15. Philippe Sollers (né en 1936), Théorie des exeptions, 1986, Folio, 2006. Sollers, c'est parfois bon, parfois mauvais. Ici, c'est entre les deux. Déjà, le titre: Sollers peut se targuer d'un jugement souvent sûr, d'une plume bien trempée, d'un regard déniaisé sur notre triste époque (la plupart du temps), mais de théorie, là, non, il n'en a pas. Ce recueil de chroniques plic-ploc va de 1977 à 1984 et papillonne de Joyce, Saint-Simon, Sade, Freud à Etc. Sur Céline, c'est bien vu: "Certainement, ces livres resteront, dans un futur qui dépasse l'imagination, les seules marques profondes, hagardes, de l'horreur moderne." Le programme est tout tracé. Relire Céline.

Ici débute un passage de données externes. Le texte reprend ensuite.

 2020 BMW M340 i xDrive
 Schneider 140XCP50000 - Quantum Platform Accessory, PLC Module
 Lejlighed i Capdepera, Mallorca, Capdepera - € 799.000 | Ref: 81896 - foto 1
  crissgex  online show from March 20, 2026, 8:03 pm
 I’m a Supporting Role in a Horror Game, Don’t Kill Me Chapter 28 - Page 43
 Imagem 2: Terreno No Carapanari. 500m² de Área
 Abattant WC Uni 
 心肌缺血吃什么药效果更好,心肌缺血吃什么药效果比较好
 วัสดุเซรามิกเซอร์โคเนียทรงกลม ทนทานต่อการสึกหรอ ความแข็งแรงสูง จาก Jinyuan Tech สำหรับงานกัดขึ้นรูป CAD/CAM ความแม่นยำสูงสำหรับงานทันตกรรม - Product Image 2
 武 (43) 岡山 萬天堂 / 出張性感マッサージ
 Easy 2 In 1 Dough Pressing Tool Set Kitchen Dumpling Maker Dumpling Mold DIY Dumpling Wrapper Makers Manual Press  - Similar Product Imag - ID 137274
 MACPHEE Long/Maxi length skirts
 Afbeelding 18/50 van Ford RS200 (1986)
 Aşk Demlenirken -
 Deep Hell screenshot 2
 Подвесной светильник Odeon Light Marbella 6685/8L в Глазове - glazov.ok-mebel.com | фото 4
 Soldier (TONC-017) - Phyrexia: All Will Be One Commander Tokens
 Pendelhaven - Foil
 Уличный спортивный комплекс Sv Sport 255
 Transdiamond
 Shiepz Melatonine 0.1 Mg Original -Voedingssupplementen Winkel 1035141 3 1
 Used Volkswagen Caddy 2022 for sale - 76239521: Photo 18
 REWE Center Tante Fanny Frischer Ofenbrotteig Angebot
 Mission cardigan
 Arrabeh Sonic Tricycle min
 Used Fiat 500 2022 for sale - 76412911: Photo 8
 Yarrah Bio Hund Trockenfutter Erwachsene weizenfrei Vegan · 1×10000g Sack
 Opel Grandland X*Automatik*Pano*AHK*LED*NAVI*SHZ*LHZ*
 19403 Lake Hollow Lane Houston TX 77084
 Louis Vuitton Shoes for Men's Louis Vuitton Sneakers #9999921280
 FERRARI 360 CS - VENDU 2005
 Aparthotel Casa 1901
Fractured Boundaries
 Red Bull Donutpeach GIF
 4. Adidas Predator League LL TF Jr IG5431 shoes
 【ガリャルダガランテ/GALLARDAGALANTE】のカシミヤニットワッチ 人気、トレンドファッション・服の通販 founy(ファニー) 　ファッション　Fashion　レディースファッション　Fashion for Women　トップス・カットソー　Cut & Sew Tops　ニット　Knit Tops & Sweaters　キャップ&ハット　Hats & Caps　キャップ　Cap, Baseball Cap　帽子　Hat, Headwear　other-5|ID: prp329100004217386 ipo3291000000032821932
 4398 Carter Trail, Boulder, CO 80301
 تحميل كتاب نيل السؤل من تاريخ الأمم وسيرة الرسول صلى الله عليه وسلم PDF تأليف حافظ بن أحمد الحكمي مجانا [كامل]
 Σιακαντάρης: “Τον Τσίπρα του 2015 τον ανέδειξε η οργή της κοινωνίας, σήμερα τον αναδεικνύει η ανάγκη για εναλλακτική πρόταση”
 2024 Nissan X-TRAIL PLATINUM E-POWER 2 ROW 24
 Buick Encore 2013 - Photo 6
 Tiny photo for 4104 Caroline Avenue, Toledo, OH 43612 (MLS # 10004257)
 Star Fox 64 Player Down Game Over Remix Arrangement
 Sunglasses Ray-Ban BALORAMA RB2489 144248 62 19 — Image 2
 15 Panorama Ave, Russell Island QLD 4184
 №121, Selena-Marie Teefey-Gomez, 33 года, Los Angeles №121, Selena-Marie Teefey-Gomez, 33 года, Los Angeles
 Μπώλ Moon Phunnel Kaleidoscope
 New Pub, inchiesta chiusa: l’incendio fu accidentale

16. Alexandre Kojève (1902-1968), Le colonialisme dans une perspective européenne, 1957. Texte (de faible intérêt) en réalité contenu dans le n°135 (septembre 2017) de la revue Philosophie, éditée par les Éditions de Minuit, dans un dossier intitulé "Alexandre Kojève face à Carl Schmitt". Du second, le premier est réputé avoir dit "qu'il est bien le seul avec lequel il vaille la peine de parler". Direct, ça intrigue, non? D'autant que: deux personnalités sulfureuses. Kojève, le philosophe exégète de Hegel, s'est un jour défini comme un "stalinien de stricte obédience", et Schmitt, le juriste exégète de la Res publica, coupable de proximité avec le régime hitlérien au goût de certains. Quelques pages seules sont ici réellement intéressantes: la correspondance Kojève-Schmitt 1955-1960. Le constat (Kojève), par exemple, qu'il n'existe plus aujourd'hui, "des États au sens propre du mot, donc des gouvernements qui seraient autre chose que des administrations", ou encore, cela expliquant ceci, que "il n'y a plus de politique intérieure: tous veulent la même chose, à savoir: rien". Après cela, appuyer un parti politique ou un autre, c'est kif-kif. Cela dit, le reste du dossier, c'est le jour et la nuit. C'est, en clair, une opération de récupération, gommant tout ce qui a de scandaleux dans la pensée du tandem pour n'y voir - on exagère à peine - que les idiots utiles de la "construction europénne".
Statistiques. Elle sera cette fois langagière. Chez Montaigne, on l'a vu, abondent des mots à nous étranges et pour cette raison féeriques. Échantillon: le verbe "duire" (cité plus haud), qu'on rapproche intuitivement de la famille "con-duire", "dé-duire": il n'est pas dans Le Robert, mais bien dans le Littré de poche 10/18: vieilli, dit-il: convenir, plaire; exemple: "Tout duit aux gens heureux." (La Fontaine). Le terme "embesogné", joli, aussi dans le 10/18: "fort occupé". Et puis le curieux "éjouissance": on pense à une coquille (réjouissance?) mais non, Le Robert, à l'entrée "réjouir", précise en indiquant que "se réjouir" vient de "se resjoïr", combinant "re" + "esjouir", d'usage en XIIème mais, faut croire, dont la sémantique est restée vivante au XVIème de Montaigne. Ajouter le délicieux "pensement", qui n'est ni dans Le Robert, ni dans le 10/18, pas plus que l'énigmatique "assuéfaction", que cependant le Wiktionnaire en ligne, citant le Dictionnaire du Moyen Français (1330-1500) en sa quatrième édition de 2010, traduit par "accoutumance". Assuéfaction lui est netttement supérieur. Faisons le revivre.